日本地球惑星科学連合2021年大会

講演情報

[J] 口頭発表

セッション記号 M (領域外・複数領域) » M-IS ジョイント

[M-IS18] 地球掘削科学

2021年6月4日(金) 15:30 〜 17:00 Ch.19 (Zoom会場19)

コンビーナ:黒田 潤一郎(東京大学大気海洋研究所 海洋底科学部門)、道林 克禎(名古屋大学 大学院環境学研究科 地球環境科学専攻 地質・地球生物学講座 岩石鉱物学研究室)、藤原 治(国立研究開発法人産業技術総合研究所 地質調査総合センター)、氏家 恒太郎(筑波大学生命環境系)、座長:藤原 治(国立研究開発法人産業技術総合研究所 地質調査総合センター)、森下 知晃(金沢大学理工研究域地球社会基盤学系)、氏家 恒太郎(筑波大学生命環境系)

16:30 〜 16:45

[MIS18-17] 大阪平野下基盤における原位置地殻応力-深層地殻活動観測井におけるコア変形法による応力値測定-

*小村 健太朗1、船戸 明雄2、伊藤 高敏3 (1.防災科学技術研究所、2.深田地質研究所、3.東北大学流体科学研究所)

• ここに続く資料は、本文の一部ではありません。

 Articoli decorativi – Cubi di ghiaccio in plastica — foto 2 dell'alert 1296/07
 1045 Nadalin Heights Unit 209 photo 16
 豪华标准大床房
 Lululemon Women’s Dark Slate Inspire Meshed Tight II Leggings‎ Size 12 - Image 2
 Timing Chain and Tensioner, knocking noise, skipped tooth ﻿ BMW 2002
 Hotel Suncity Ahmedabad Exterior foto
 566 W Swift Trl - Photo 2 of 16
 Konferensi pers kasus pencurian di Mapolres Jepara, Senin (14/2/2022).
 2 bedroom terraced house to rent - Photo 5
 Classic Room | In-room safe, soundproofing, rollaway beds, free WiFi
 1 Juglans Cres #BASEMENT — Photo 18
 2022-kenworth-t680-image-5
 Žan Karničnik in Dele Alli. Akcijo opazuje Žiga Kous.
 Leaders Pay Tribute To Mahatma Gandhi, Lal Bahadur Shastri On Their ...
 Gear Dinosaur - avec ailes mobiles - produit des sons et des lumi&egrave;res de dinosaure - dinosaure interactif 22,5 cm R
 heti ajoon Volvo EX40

キーワード:コア変形法、原位置地殻応力、岩石コア、大阪平野、ボアホールテレビュア、ブレイクアウト

地震発生過程やテクトニック変動を理解する上で,重要な物理量である地殻の原位置の絶対応力に関するデータは,陸域においても,数少ない状況にある.主要な原位置地殻応力測定手法では,掘削と特殊な孔内計測が必要で,多点での測定が難しいという要因がある.本発表では,一例として,防災科学技術研究所の,大阪平野にある深層地殻活動観測井における原位置地殻応力測定の結果を報告する.本観測井では,ボアホールテレビュア検層から,ボアホールブレイクアウトが観察され,すでに応力方位が推定されているが(小村,地震学会秋季大会2020),さらに,コア変形法(DCDA法, Diametrical Core Deformation Analysis法)を適用して応力値を推定した.コア変形法では,掘削孔内で特殊な計測をする必要がなく,採取された岩石コアの,地下からの応力解放による弾性変形を計測し,岩石の弾性定数を掛け合わせて応力値を推定する.先行研究により,深部岩石コアでは,採取後の弾性変形が大きく,コア変形法の適用できることが示されている.
大阪府の此花観測井(北緯34°39'45.92",東経135°23'22.53",掘削深度約2033m)の基盤に達する深度2035.5mコアと田尻観測井(北緯34°23'52.14",東経135°17'01.24",掘削深度約1532m)の同じく基盤となる深度1202.4mおよび1494.8mコアにおいて,Funato and Ito (2017, IJRMMS)で設計され,防災科研に整備された装置でコア外周にそった直径を測定した.測定された岩石コアは,採取後,10年以上経過したものではあるが,外周にそって直径がサインカーブ状に変化し,岩石コア断面が応力開放にともない楕円状に弾性変形していることが示され,コア変形法の適用可能と判断した.応力値を求めるのに,同じ掘削井で実施されたPS検層による地盤のP波速度,S波速度から,密度を仮定して計算される弾性定数を適用したところ,~60 MPaの差応力値となった.今後,室内岩石試験により,直接岩石コアの弾性定数を計測していく予定である.
観測井などの孔井掘削と岩石コア採取する機会に,あわせてボアホールテレビュア検層実施することにより,条件が適合して,ボアホールブレイクアウトが形成されれば,原位置地殻応力を値と方位ともに求めることができることが示された.